[[ MATERIAL PROVIDED, beginning ]]

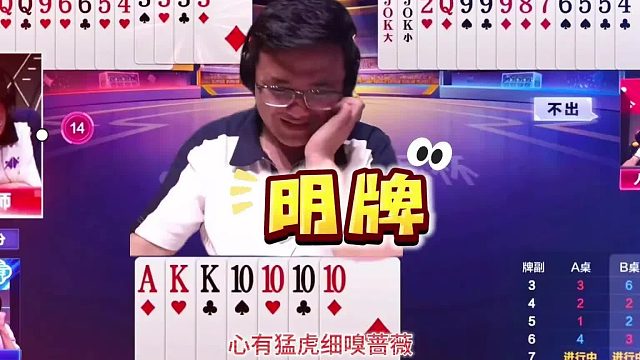 嘛牌把“阿酒”打笑了？绝配人帅3炸玩转地主，残局气场够强大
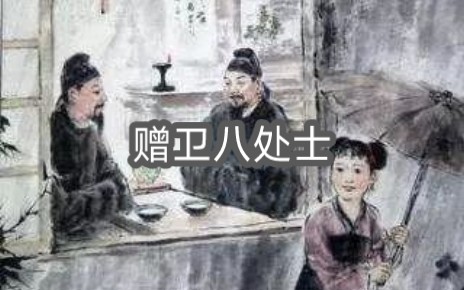 [图]人生不相见，动如参与商。《赠卫八处士》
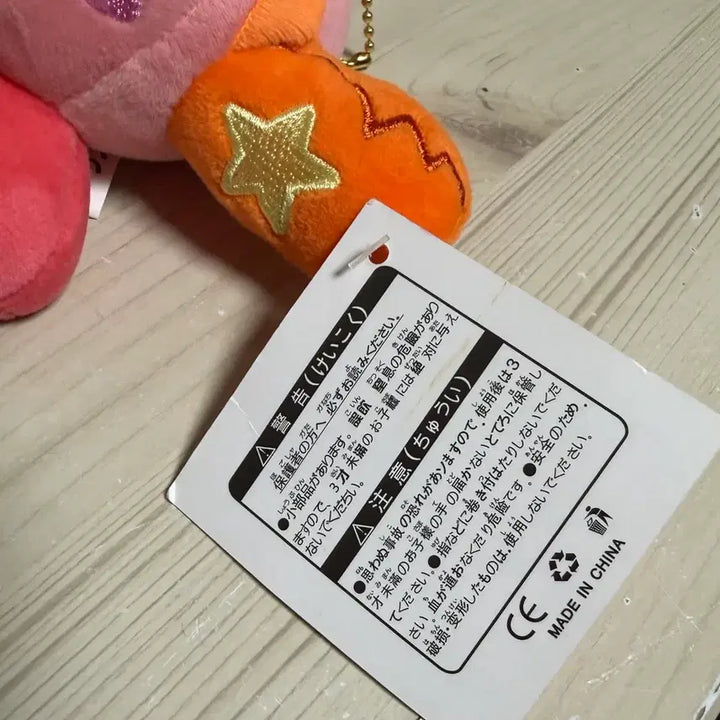 [BUNJANG] Kirby Zodiac Collection Cancer Plush Keychain (Unused) / 미사용) 별의 커비 별자리(호로스코프) 컬렉션 인형 키링-게자리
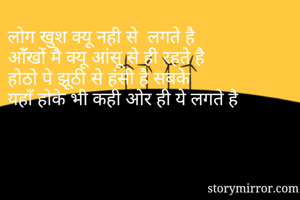 लोग खुश क्यू नही...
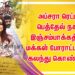 அப்சரா ரெட்டி பெத்தேல் நகர் இஞ்சம்பாக்கத்தில் மக்கள் போராட்டத்தில் கலந்து கொண்டார்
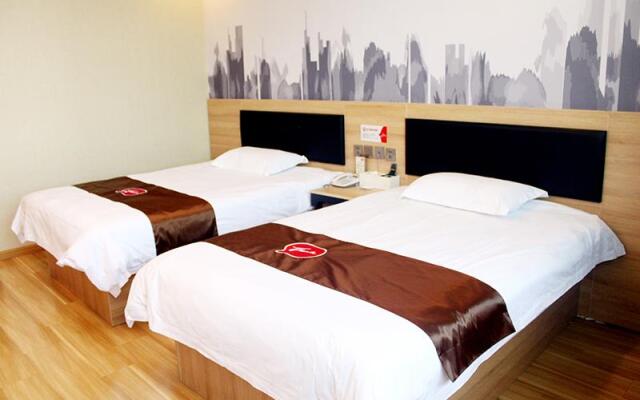 Thank Inn Plus Hotel Hebei Shijiazhuang Xingtang County Yongchang North Road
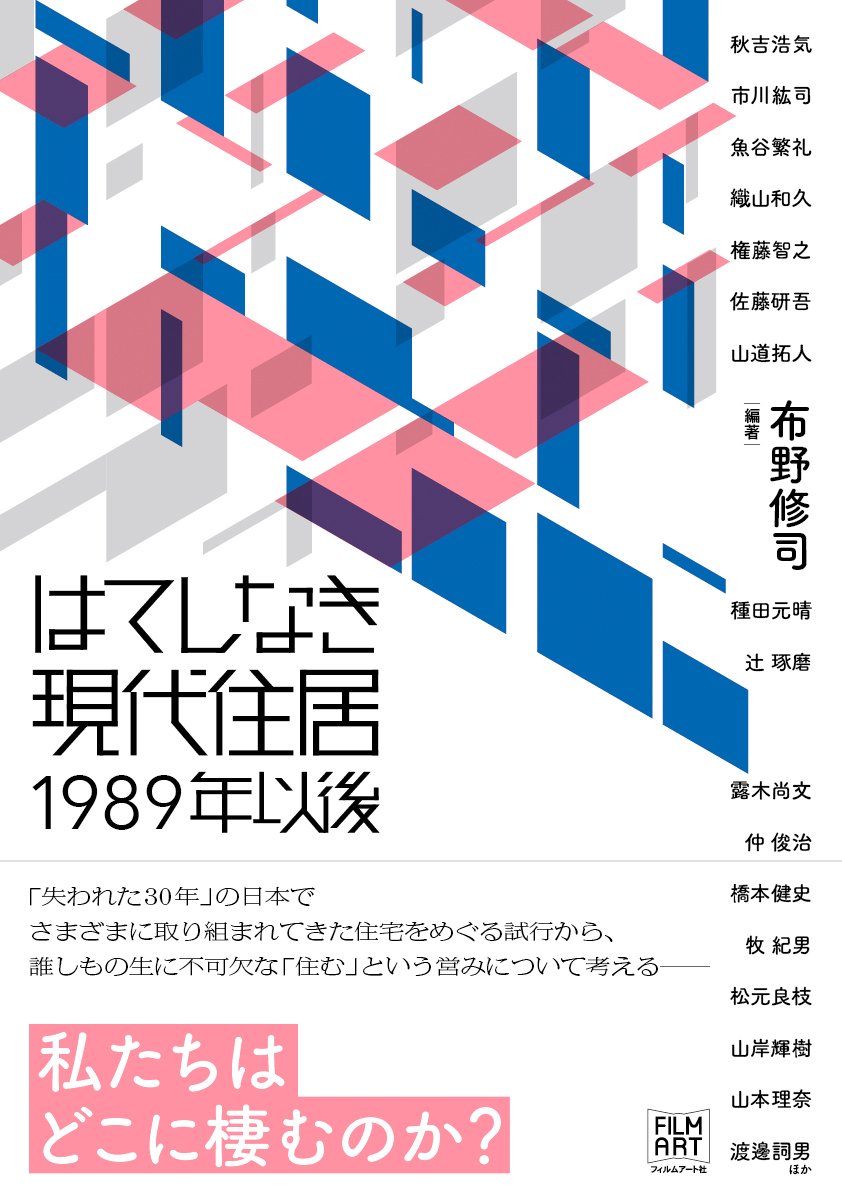 はてしなき現代住居　1989年以後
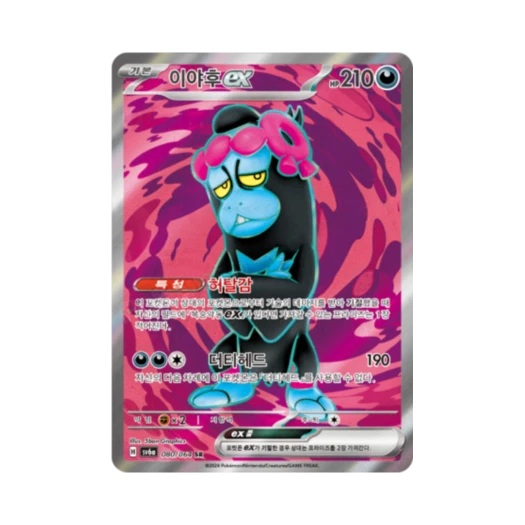 포켓몬 TCG 이야후 ex SR 나이트원더러 (한글판) 카드 이미지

[[ MATERIAL PROVIDED, end ]]

ABOUT THIS TASK:
From the first line to the last, reproduce the records above exactly and skip the pictures.

ANSWER SECTION:
 嘛牌把“阿酒”打笑了？绝配人帅3炸玩转地主，残局气场够强大
 [图]人生不相见，动如参与商。《赠卫八处士》
 [BUNJANG] Kirby Zodiac Collection Cancer Plush Keychain (Unused) / 미사용) 별의 커비 별자리(호로스코프) 컬렉션 인형 키링-게자리
 लोग खुश क्यू नही...
 அப்சரா ரெட்டி பெத்தேல் நகர் இஞ்சம்பாக்கத்தில் மக்கள் போராட்டத்தில் கலந்து கொண்டார்
 Thank Inn Plus Hotel Hebei Shijiazhuang Xingtang County Yongchang North Road
 はてしなき現代住居　1989年以後
 포켓몬 TCG 이야후 ex SR 나이트원더러 (한글판) 카드 이미지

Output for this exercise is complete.